The purpose of this paper is to control the trajectory of the nonlinear missile model in the pitch channel by using Fractional PID controller (FPID) and Gain Schedule Fractional PID controller (GSFPID). FPID and GSFPID with nonlinear missile model are designed where their parameters are tuned by Simulink design optimization in the Matlab toolbox. This optimization method gives the optimal parameters that achieve the best tracking with step unit reference signal. The GSFPID controller compensates the restrictions that represent physical limits of actuators in the pitch channel. The GSFPID with nonlinear missile model is designed in two phases. The first phase is the boost phase where the thrust force is maximized and the second phase is sustain phase where
the thrust force is minimized. The equations of motion for nonlinear missile model with FPID and GSFPID are modelled mathematically in the Matlab-Simulink environment. The results of FPID and GSFPID controllers with the nonlinear missile model are presented and compared. The wind effect and the dynamic uncertainties effects are researched and the results are compared.
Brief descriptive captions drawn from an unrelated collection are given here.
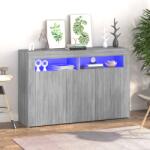 vidaXL Servantă cu lumini LED, gri sonoma, 115, 5x30x75 cm (815733) Comoda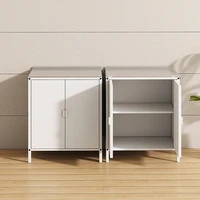 ตู้เก็บของสแตนเลสสีดำด้านและสีขาวแบบสองประตู สำหรับใช้ในสวนกลางแจ้งและห้องครัว 3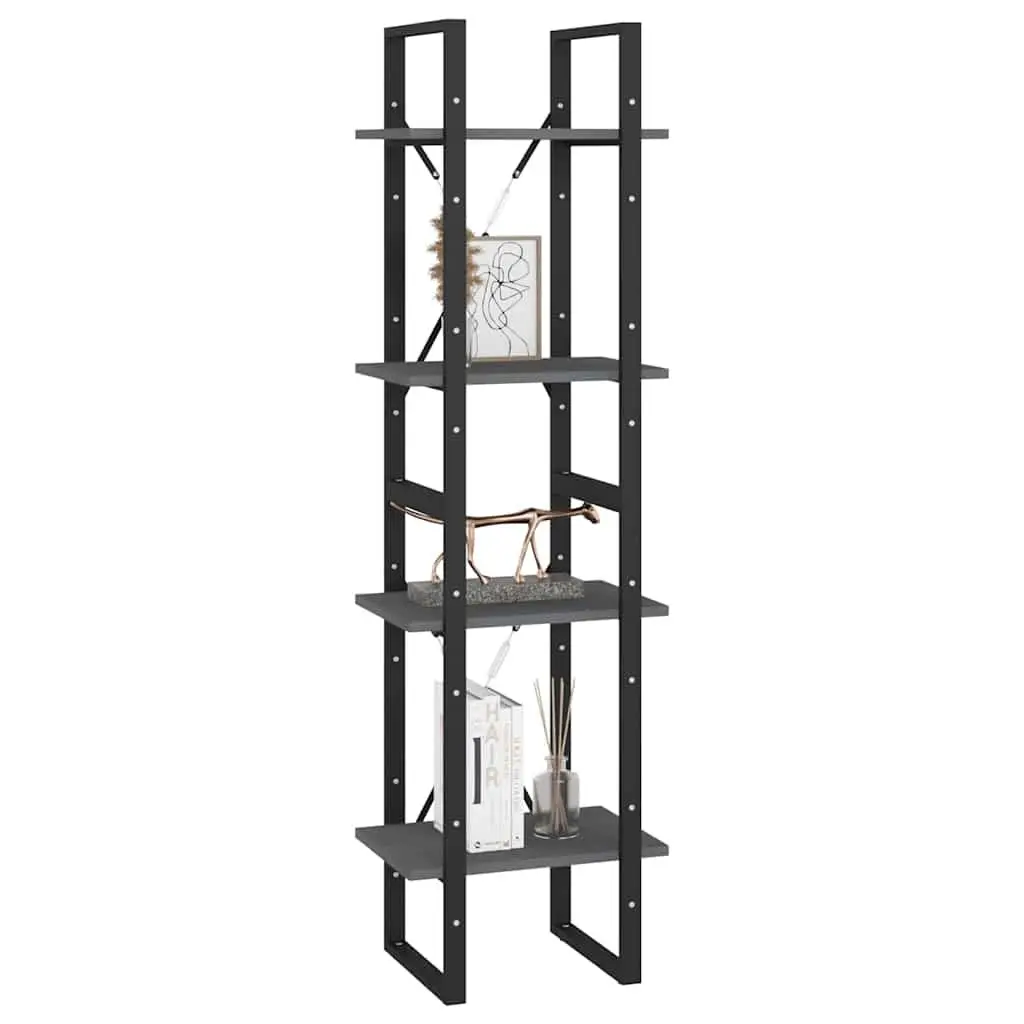 4 Tier Bookcase Grey Solid Pine Wood Shelving Unit Durable Storage Home Furniture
The closed-loop nonlinear system is linearized by the Simulink linear analysis tool at critical operating point t = 5.8 sec and the stability is studied.

Keywords

Six degree of freedom missile (6-DOF); fractional PID controller (FPID); gain schedule fractional PID controller (GSFPID); Simulink design optimization; wind effect; dynamic uncertainties; stability analysis

Hrčak ID:

225214

URI

https://hrcak.srce.hr/225214

Publication date:

12.12.2018.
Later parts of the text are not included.